Breaking Bad es básicamente una exploración sobre los límites. Límites éticos, límites legales, límites narrativos, límites conyugales, límites en torno al concepto de lo verosímil. No es casual que el escenario sea la zona fronteriza por excelencia en el negocio del narcotráfico, aquella que separa Estados Unidos de México (en la serie se habla indistintamente en inglés y en español), porque en gran medida todo lo que ocurre se mueve en los matices del gris, en esos espacios morales en los que no resulta fácil tomar una postura, ni siquiera a través de la ironía. Una diagnosis fatal puede trastocar los valores éticos que han sostenido una vida y transformar a un hombre corriente en un auténtico capo de la droga, que además decide ocultarlo a su familia, abocado a vivir una doble vida. El recorrido de Walter White se mueve así en un arco muy amplio, incluso delirante, y sin embargo todo resulta perfectamente creíble, pues Walter, que tiene un alto coeficiente intelectual, ha hecho de la contradicción su modus vivendi.
En esa contradicción está llamada a desenvolverse toda la serie, cuyos guionistas siempre se las apañan para, a pesar de todo, no romper nunca la lógica de la verosimilitud y hacer perfectamente creíble que todo el negocio de la metanfetamina -a uno y otro lado de la ley- acabe girando alrededor de muy pocos personajes, que además forman una familia.
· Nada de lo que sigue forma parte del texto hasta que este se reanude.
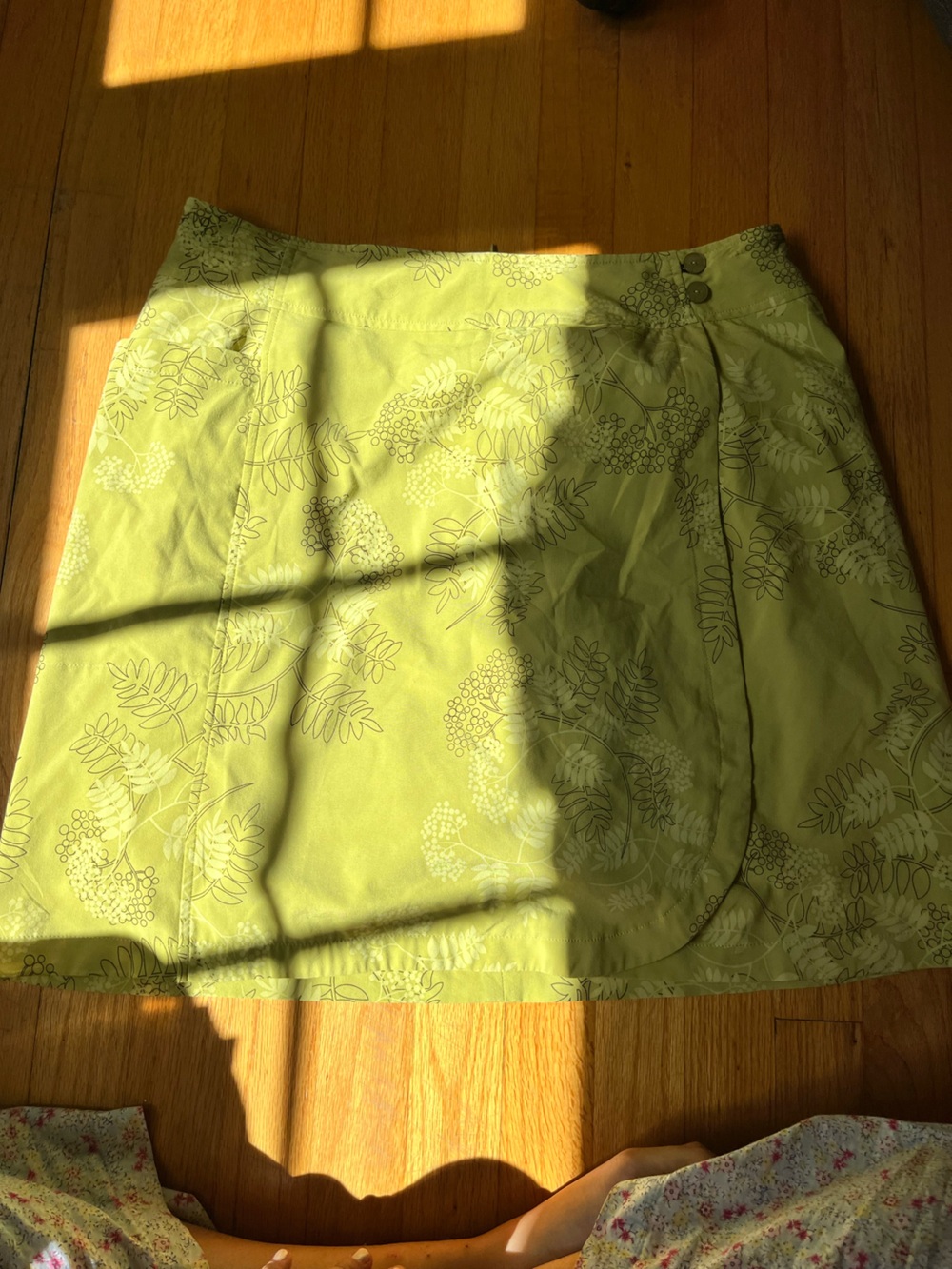 Women’s Green Botanical athletic skort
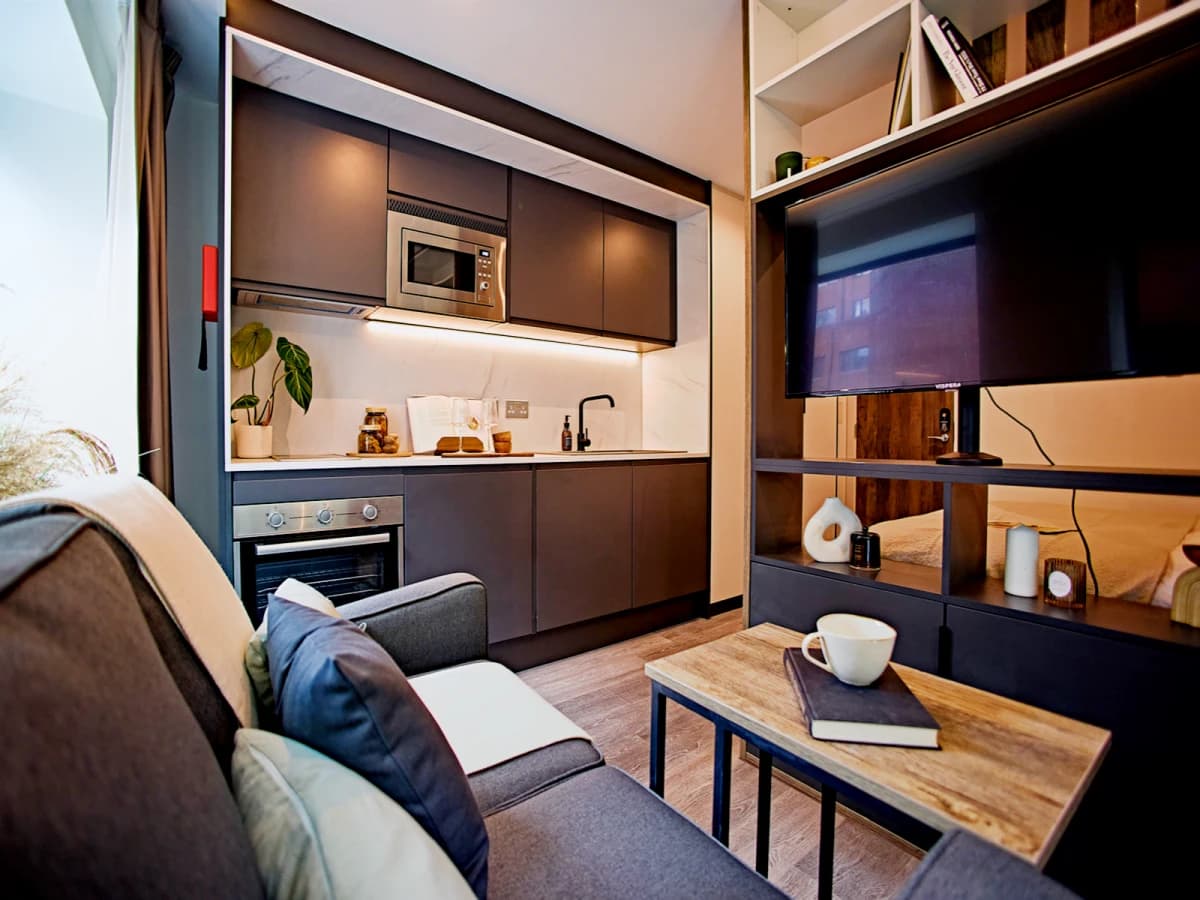 LiveOasis St Albans Place image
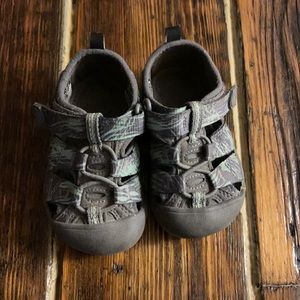 Nice little boys sandals.  Used but in good condition.  Size 5.  Toddler.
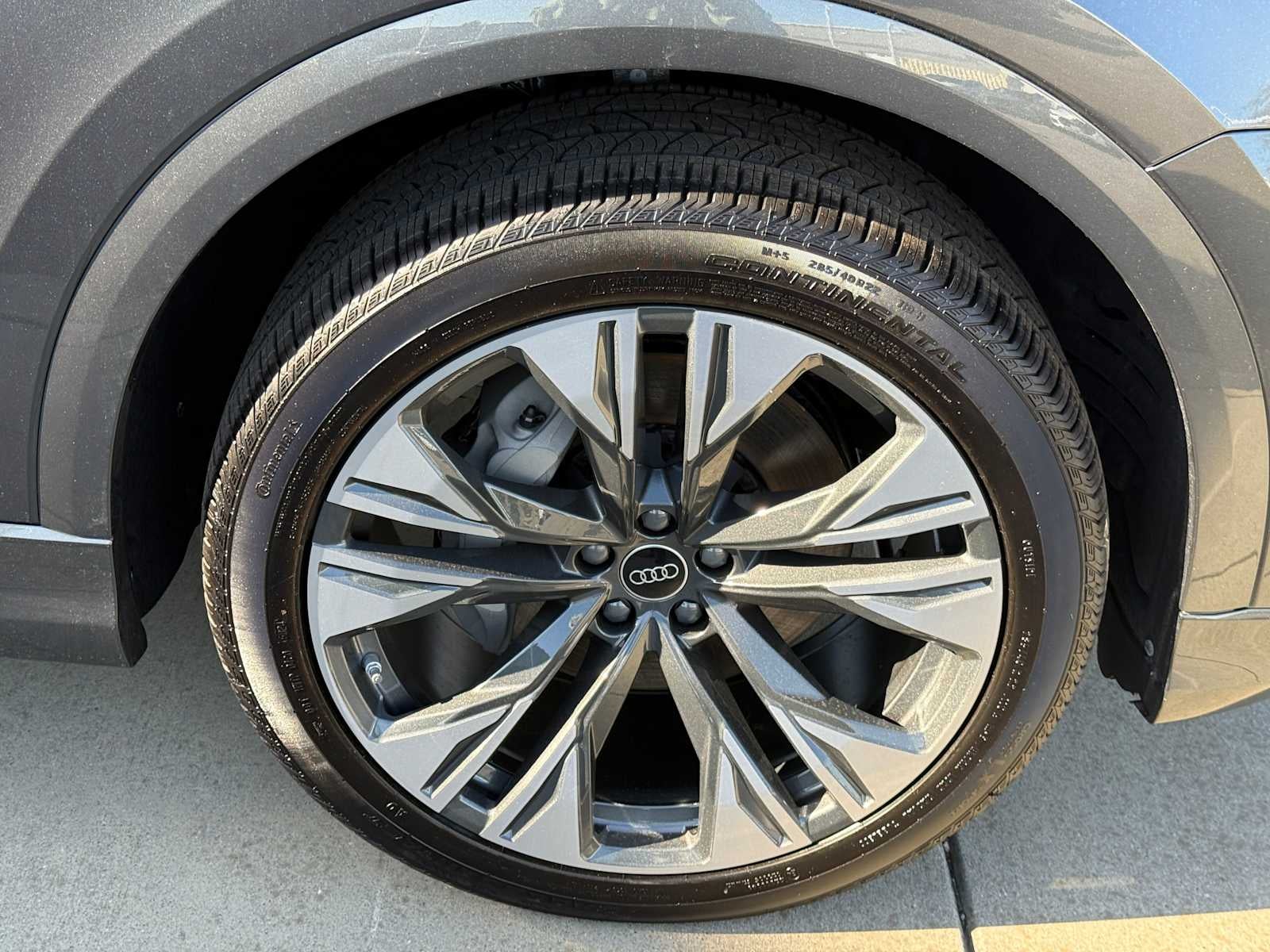 2025 Audi Q8 Premium Plus
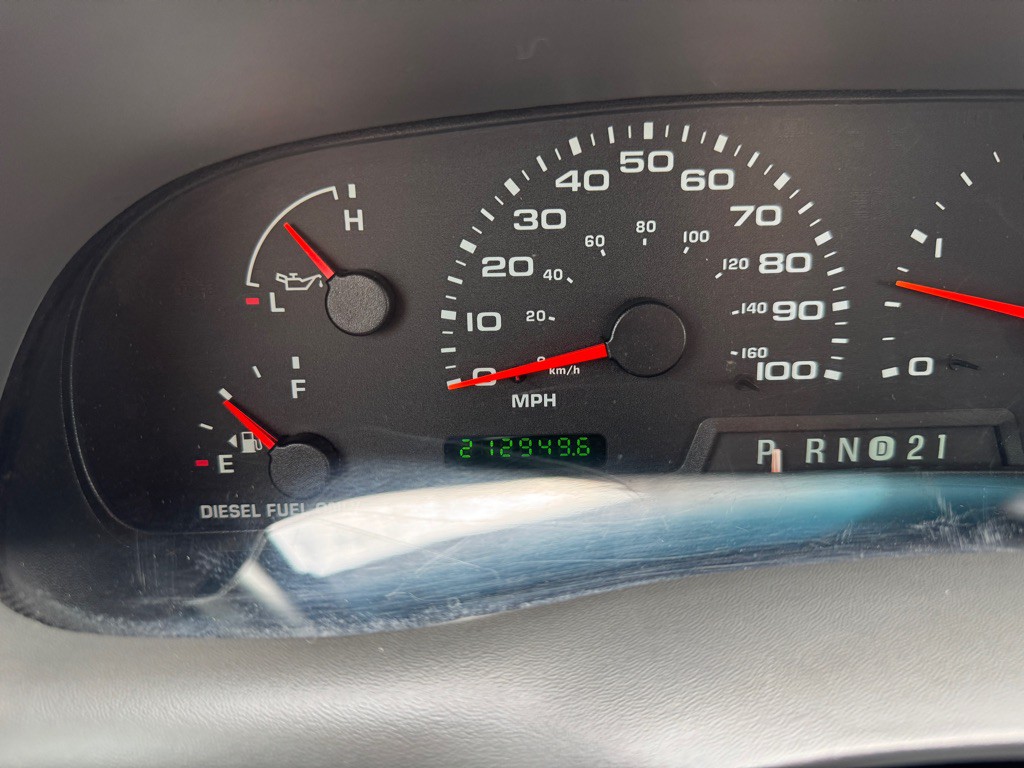 2002 Ford F-350 Image 28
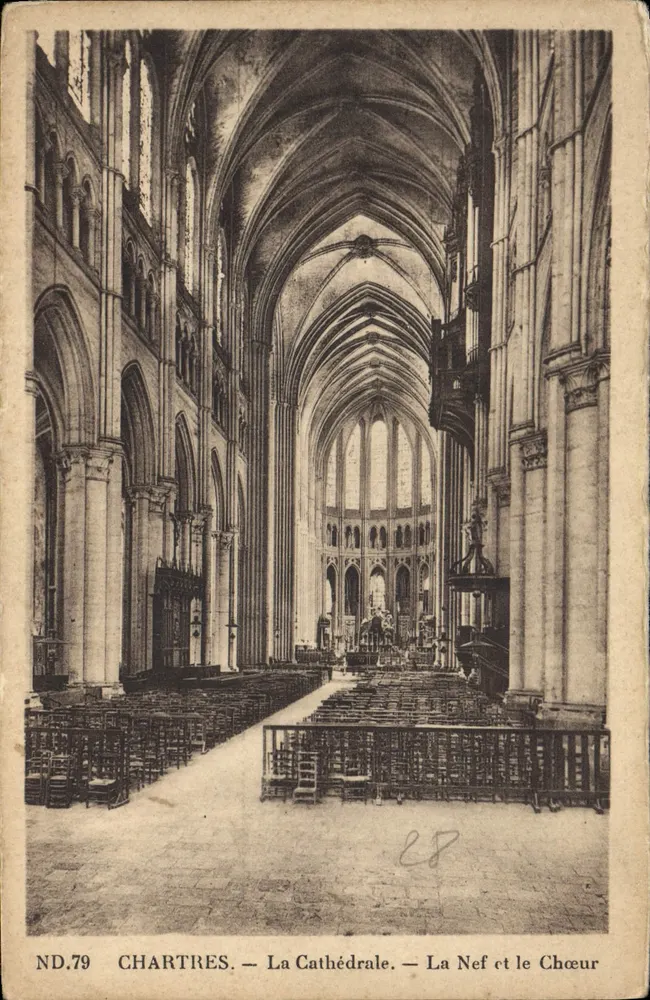 Chartres — A Catedral — A Nave e o Coro - Frente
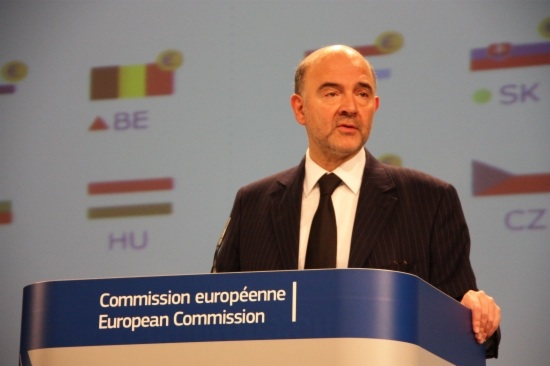 The European Commission has asked for "corrective measures" against the Autonomous Communities (by A. Casino)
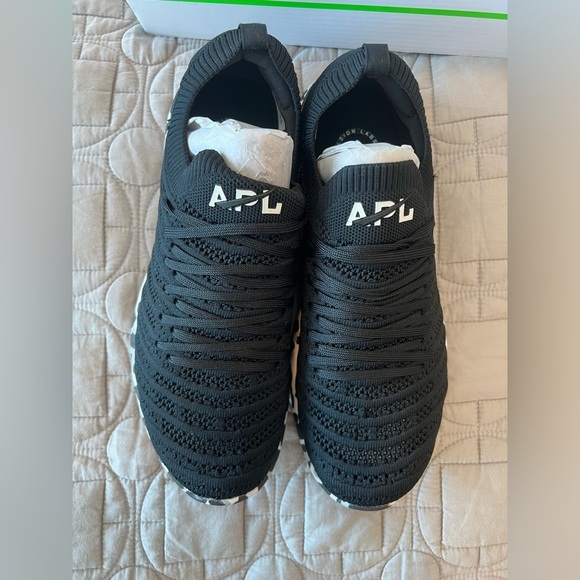 APL Women's Techloom Wave Slip On Running Sneaker Black White Leopard Sz 9 NEW - Picture 2 of 16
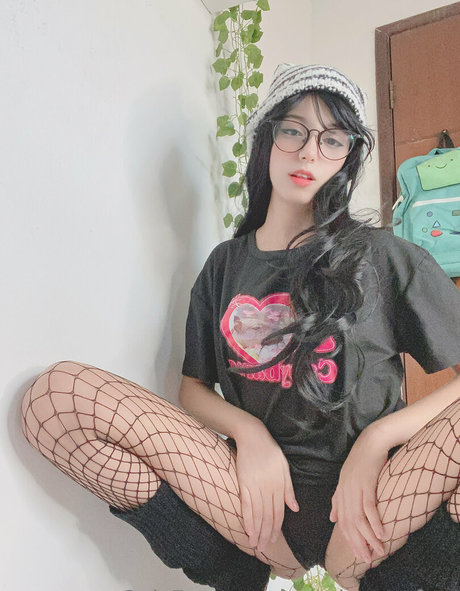 annekuronofree star exclusive pictures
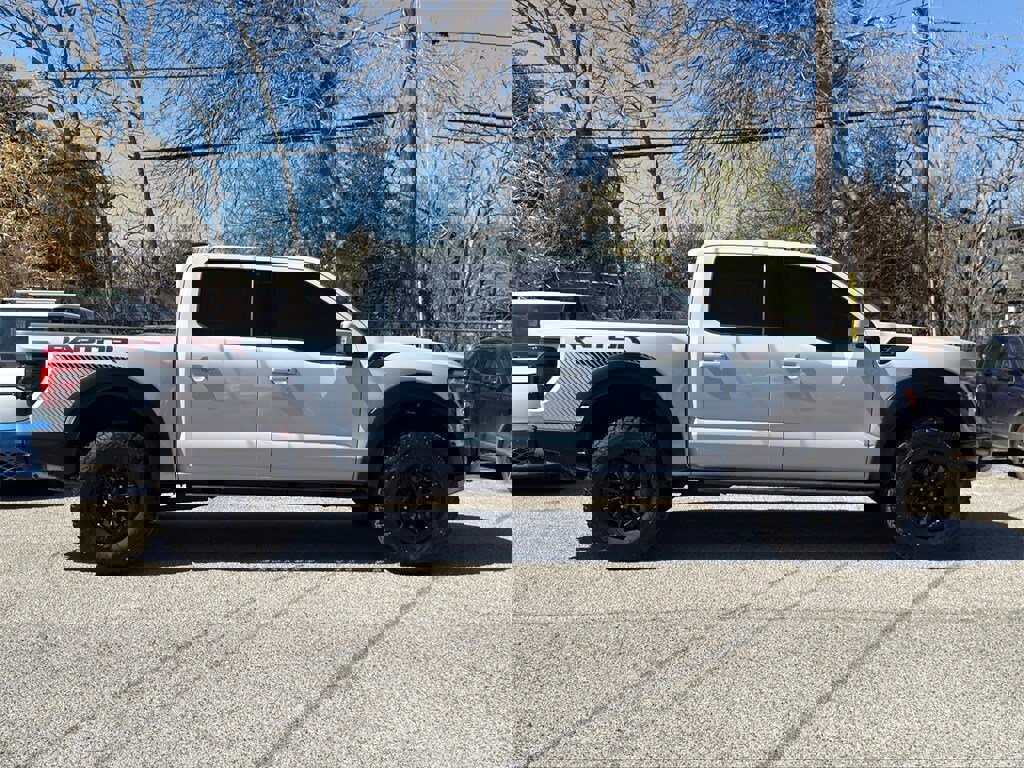 Used 2025 Ford F150 Raptor image 9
Un microcosmos en torno a la doble moral hipócrita norteamericana que además propone redefinir qué es un padre de familia y qué es un criminal, o más bien cómo un hombre honesto vende su alma al diablo y se convierte en todo aquello que debería despreciar. Sin duda, es la intervención del azar, presente de una forma muy sutil, pero determinante, en Breaking Bad, la que permite que todas las piezas encajen sin estruendo.
Todo esto no podría funcionar sin esos toques especiales, esas extravagancias que hacen de Breaking Bad una experiencia tan completa y equilibrada. Es característico de la serie la estructura temporal de algunos capítulos concebidos como largos flash-back, o el rodaje de largas escenas respetando el tiempo real (algo muy anti-televisivo), y la inserción de momentos musicales absolutamente memorables. Va aquí un ejemplo (en el vídeo al final del texto): el arranque del capítulo 7 de la segunda temporada, un video-clip ficticio de un narcocorrido que resume y asienta la leyenda de Waltar, alias Heisenberg (que va adquiriendo proporciones míticas), y muestra cómo la audacia creativa sigue teniendo cabida en el espacio televisivo. Al llegar a este punto de la serie, te entran ganas de arrodillarte frente a la televisión... ¿Quién dijo que la edad de oro de la ficción catódica ya había terminado?